How to install Clickhouse in AWS EKS cluster via Altinity Helm charts and Terraform

Thursday, 5 March 2026

How to install Clickhouse in AWS EKS cluster via Altinity Helm charts and Terraform

Installing ClickHouse on an AWS EKS cluster using Terraform and the Altinity Helm charts typically involves two stages:

Installing the Altinity ClickHouse Operator
Deploying a ClickHouse Installation (CHI)

The Altinity Helm repository is located at https://helm.altinity.com.

Prerequisites

Ensure your Terraform environment is configured with the following providers:

aws: To manage EKS and underlying infrastructure.
kubernetes: To interact with the EKS cluster.
helm: To install the operator.

Terraform Configuration

The following example uses the helm_release resource to install the operator and the kubernetes_manifest resource to deploy the actual ClickHouse cluster.

Step A: Install the Altinity Operator

The operator is the "brain" that manages ClickHouse instances on Kubernetes.

resource "helm_release" "clickhouse_operator" {

name = "clickhouse-operator"

repository = "https://helm.altinity.com"

chart = "altinity-clickhouse-operator"

namespace = "clickhouse-operator"

create_namespace = true

# Optional: Enable metrics for Prometheus

set {

name = "metrics.enabled"

value = "true"

}

Step B: Deploy a ClickHouse Cluster (CHI)

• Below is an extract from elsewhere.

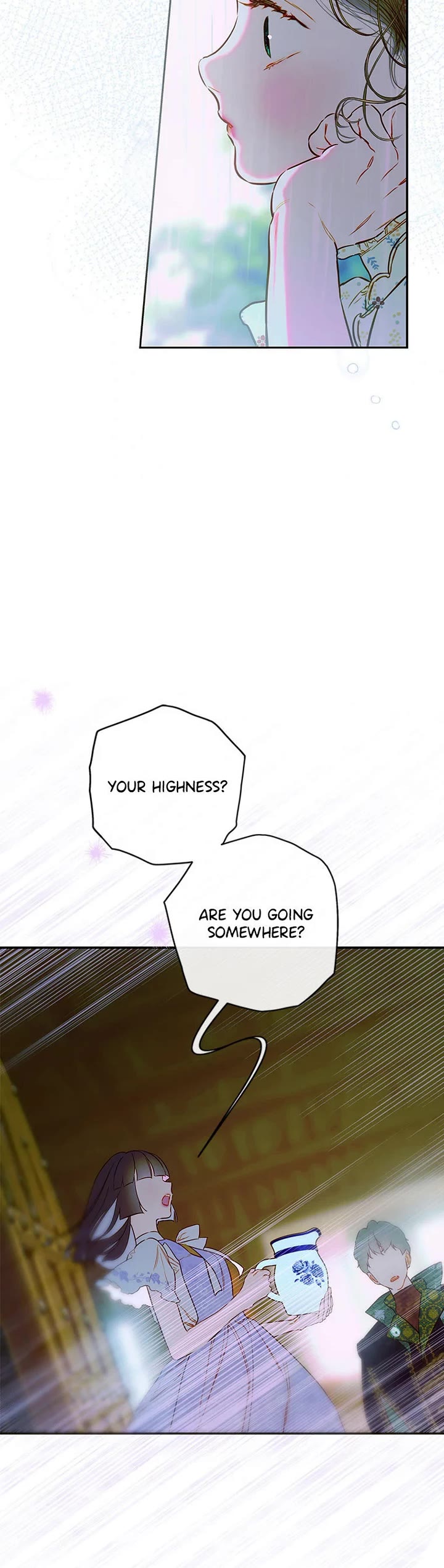My Mom Entered a Contract Marriage Chapter 73 page 20 - Chapter 73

Once the operator is running, you define your ClickHouse cluster using a Custom Resource (CRD). In Terraform, you use kubernetes_manifest.

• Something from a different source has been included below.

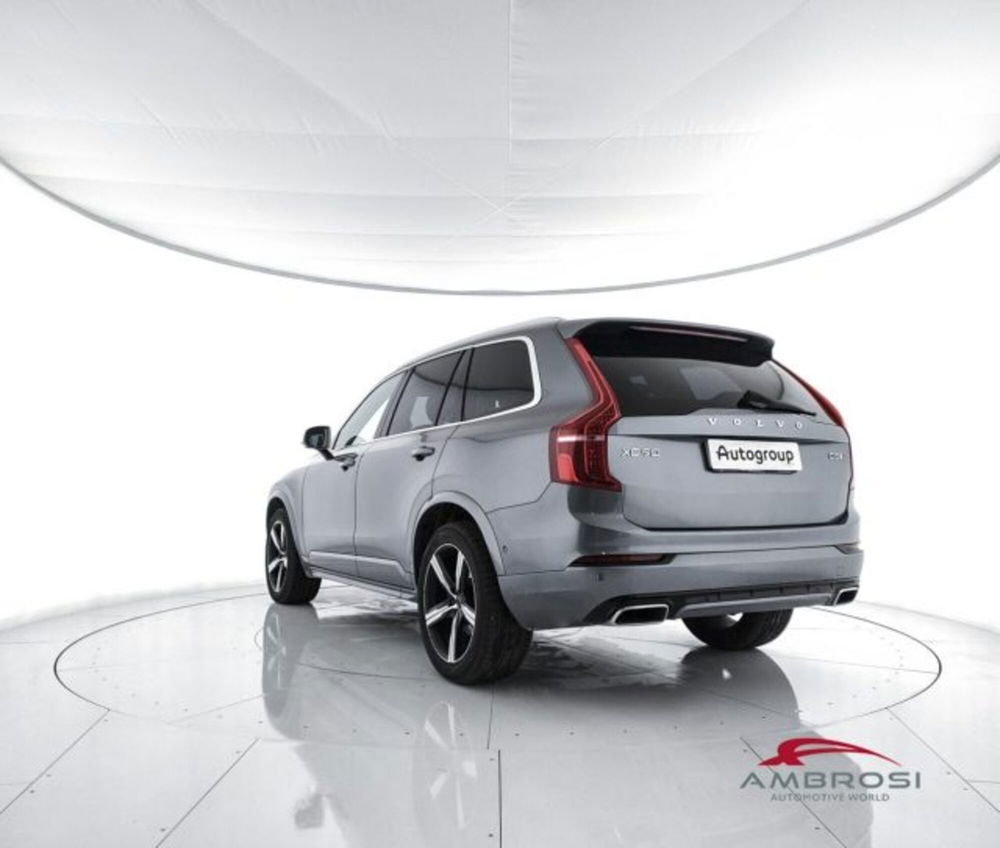 Volvo XC90 usata a Perugia (4)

resource "kubernetes_manifest" "clickhouse_cluster" {

depends_on = [helm_release.clickhouse_operator]

manifest = {

apiVersion = "clickhouse.altinity.com/v1"

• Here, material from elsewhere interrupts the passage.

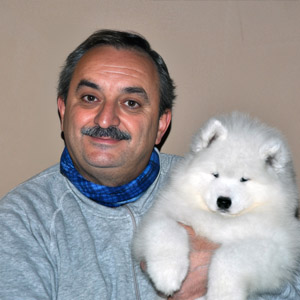 Rafael Parrondo Garcia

kind = "ClickHouseInstallation"

metadata = {

name = "simple-clickhouse"

namespace = "clickhouse-operator"

}

spec = {

configuration = {

clusters = [

{

name = "cluster1"

layout = {

shardsCount = 1

replicasCount = 1

}

]

}

Production Considerations for EKS

When running ClickHouse on EKS, you should consider storage and networking:

Storage Class: Use AWS gp3 volumes for a good balance of price and performance. You can specify a volumeClaimTemplate in your kubernetes_manifest.
Node Affinity: It is recommended to run ClickHouse on specific node groups (e.g., using i3 or r5 instances) to ensure it doesn't compete with other workloads for IOPS.
Zookeeper/Keeper: For multi-node shards or replicas, you will need a Zookeeper cluster or the ClickHouse Keeper (also available via Altinity charts).

EKS Module

Altinity maintains a dedicated Terraform EKS ClickHouse module that automates the entire VPC, EKS, and ClickHouse setup if you prefer a pre-packaged solution.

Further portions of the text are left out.